I propose 4 methods, all of which are imperfect, as to be expected. 3 of them look similar.

I then endevour to use the cardinality of the solution set to modify a general method, along with respect to the possible solutions.

After, I publish a nice-looking chart that really was made with Microsoft© Excel© 2013&tm;.

Finally (for the moment), I use ETAONI HSRDLU WMCGFYBPVKXJQZ in tandem with possible solutions for a given line.


Here are my thoughts. Actually, my trial-and-error approach. Mainly, I'd use one or more of the formulas to find an easiest and hardest puzzle, then use a percent to indicate difficulty (e.g. 100% is easy, 21% is difficult).

Let $n$ be the number of lines, $b$ be the number of blanks per line, $g$ be the number of given letters per line, $c$ the number of distinct characters featured in a puzzle, and let $a$ be the average placement of a character in a line.

My approach states that the lower a puzzles score, the harder it is.

The product method: $nbg$

Based on the observation that, given more information, some problem will be easier.

Modified product method: $\dfrac{b(gn)^2}{c}$

Takes the previous product method multiplied by the character to distinct character ratio.

Über modified product method: $\dfrac{b(gn)^2}{ca}$

Based on the observation that letters in the first position yield easier puzzles, ergo, the closer the character to the end of a word, the tendency increases to yield harder puzzles.
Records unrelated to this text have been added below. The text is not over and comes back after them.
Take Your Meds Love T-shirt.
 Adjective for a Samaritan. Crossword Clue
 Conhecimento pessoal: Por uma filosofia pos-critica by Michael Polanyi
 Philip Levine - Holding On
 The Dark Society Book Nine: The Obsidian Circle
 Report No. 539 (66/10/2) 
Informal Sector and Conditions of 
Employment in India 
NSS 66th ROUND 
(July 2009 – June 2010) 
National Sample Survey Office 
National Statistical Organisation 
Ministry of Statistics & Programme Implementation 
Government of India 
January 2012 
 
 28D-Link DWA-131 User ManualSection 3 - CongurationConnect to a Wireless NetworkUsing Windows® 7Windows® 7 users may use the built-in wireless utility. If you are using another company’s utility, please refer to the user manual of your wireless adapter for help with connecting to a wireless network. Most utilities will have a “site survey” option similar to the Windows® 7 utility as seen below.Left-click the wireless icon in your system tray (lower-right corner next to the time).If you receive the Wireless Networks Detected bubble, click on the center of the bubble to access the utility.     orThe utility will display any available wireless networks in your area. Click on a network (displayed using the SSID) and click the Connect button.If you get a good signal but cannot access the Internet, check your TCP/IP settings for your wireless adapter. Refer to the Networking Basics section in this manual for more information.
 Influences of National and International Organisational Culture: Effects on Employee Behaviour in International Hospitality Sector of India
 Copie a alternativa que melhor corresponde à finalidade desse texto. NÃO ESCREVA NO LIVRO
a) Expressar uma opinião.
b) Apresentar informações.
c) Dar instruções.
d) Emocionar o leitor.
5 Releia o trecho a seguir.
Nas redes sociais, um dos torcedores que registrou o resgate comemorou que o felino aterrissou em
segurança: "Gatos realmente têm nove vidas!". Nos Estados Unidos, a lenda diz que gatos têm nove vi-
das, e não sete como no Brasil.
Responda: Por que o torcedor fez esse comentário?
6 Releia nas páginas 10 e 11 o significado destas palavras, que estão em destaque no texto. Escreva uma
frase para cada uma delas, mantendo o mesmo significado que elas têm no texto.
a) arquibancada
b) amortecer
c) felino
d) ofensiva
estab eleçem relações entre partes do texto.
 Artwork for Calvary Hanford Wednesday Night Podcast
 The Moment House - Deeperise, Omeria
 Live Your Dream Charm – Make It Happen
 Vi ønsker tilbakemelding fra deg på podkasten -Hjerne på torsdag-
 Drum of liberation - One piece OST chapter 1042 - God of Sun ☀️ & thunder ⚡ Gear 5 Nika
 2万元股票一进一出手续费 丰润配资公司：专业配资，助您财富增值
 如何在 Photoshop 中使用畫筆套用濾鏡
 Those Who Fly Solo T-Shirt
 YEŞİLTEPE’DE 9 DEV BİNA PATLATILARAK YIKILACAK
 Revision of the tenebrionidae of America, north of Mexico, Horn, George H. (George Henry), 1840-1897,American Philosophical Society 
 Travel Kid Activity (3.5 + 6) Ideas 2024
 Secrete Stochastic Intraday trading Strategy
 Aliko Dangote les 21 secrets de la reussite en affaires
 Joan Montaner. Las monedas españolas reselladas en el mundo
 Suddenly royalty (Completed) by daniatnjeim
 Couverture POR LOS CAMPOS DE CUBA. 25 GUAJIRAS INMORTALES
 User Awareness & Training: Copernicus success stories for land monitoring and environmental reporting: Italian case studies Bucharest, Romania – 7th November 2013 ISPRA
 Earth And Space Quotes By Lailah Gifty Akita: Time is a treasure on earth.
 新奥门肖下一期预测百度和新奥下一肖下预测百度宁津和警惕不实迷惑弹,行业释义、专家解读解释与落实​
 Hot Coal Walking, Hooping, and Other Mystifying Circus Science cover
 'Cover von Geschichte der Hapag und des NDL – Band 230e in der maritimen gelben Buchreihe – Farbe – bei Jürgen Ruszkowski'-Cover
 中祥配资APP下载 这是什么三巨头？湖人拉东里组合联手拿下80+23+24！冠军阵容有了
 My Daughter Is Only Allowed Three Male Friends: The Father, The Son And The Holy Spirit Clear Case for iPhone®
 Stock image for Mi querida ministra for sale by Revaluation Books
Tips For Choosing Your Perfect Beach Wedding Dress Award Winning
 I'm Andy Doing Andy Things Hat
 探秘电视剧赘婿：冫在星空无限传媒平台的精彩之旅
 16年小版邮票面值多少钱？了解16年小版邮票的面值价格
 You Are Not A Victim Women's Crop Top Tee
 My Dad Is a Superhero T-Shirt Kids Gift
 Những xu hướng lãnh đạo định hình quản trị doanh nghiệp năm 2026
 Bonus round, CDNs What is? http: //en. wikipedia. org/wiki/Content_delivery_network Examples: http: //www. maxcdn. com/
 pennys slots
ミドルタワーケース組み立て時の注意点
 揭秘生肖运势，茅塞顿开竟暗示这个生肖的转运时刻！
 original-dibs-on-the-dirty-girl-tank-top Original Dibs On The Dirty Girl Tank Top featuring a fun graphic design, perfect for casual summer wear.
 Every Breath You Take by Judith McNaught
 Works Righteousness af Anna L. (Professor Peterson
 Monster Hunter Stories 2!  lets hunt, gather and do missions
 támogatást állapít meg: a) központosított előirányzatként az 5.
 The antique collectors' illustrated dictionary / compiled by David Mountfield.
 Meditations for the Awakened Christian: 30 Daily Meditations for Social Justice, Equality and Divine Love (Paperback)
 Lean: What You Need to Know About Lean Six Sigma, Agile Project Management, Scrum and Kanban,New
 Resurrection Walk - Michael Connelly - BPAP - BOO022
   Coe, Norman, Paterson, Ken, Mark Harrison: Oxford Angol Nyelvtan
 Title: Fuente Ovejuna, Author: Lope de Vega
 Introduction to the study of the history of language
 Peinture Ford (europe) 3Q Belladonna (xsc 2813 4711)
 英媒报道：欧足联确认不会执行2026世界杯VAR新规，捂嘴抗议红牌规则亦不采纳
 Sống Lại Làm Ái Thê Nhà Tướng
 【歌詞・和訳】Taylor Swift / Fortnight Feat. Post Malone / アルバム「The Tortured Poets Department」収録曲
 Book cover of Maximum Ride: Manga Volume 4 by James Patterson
The "I have run out of names for these methods please read on"-method: $n\left(\dfrac{g}{b}\right)^2$

Multiplying the lines by the ratio of given to blank numbers, based on the fact that more information is easier. Also note that the squaring bit is to put numbers closer to zero or further from $1$, depending if $0<k\leq 1$ ($k^2 \to 0$) or if $1\leq k<\infty$ ($k^2\to\infty$).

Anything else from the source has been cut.